Minimization over Nonconvex Sets

Abstract

Minimum norm problems consist of finding the distance of a closed subset of a normed space to the origin. Usually, the given closed subset is also asked to be convex, thus resulting in a convex minimum norm problem. There are plenty of techniques and algorithms to compute the distance of a closed convex set to the origin, which mostly exist in the Hilbert space setting. In this manuscript, we consider nonconvex minimum norm problems that arise from Bioengineering and reformulate them in such a way that the solution to their reformulation is already known. In particular, we tackle the problem of min∥x∥ subject to ∥Rk(x)∥ ≥ ak for k = 1,…,l, where x∈X and Rk:X→Y are continuous linear operators between real normed spaces X,Y, and ak > 0 for k = 1,…,l. Notice that the region of constraints of the previous problem is neither convex nor balanced.
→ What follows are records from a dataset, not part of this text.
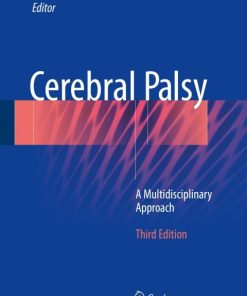 Cerebral Palsy, A Multidisciplinary Approach 3rd Edition – PDF ebook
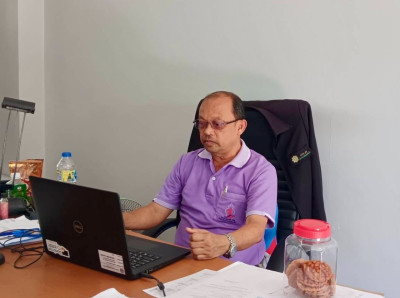 เข้าร่วมโครงการพัฒนาบุคลากรขับเคลื่อนงานบูรณาการความเข้มแข็งและตัวชี้วัดหลักภายใต้แผนระดับที่ 3 (พ.ศ. 2566 – 2570) ... พารามิเตอร์รูปภาพ 1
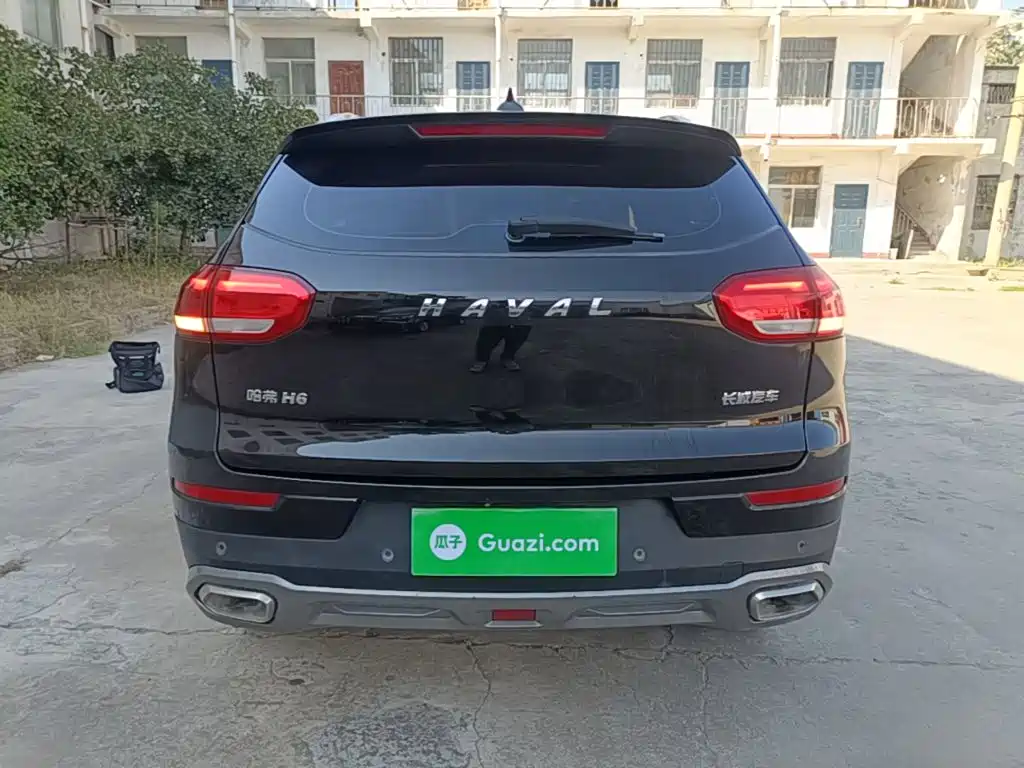 Haval H6 — миниатюра 6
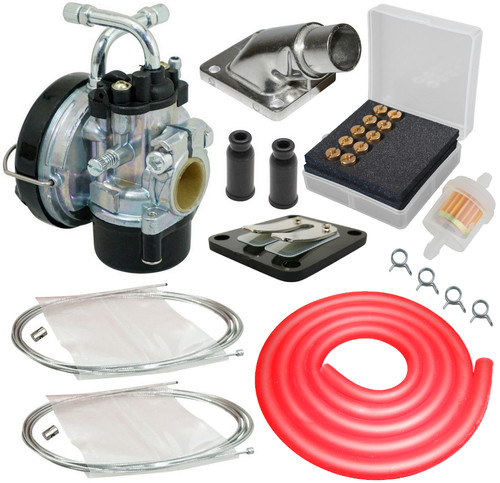 Kit carbu sha adaptable - kit, 15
However, it is additively symmetric, which is also the case for the objective function, due to the properties satisfied by norms, which makes possible the analytic resolution of such a nonconvex minimization. The recent literature shows that the design of optimal coils for electronics applications can be achieved by solving problems like this. However, in this work, we apply our analytical solutions to design an optimal coil for an electromagnetic sensor.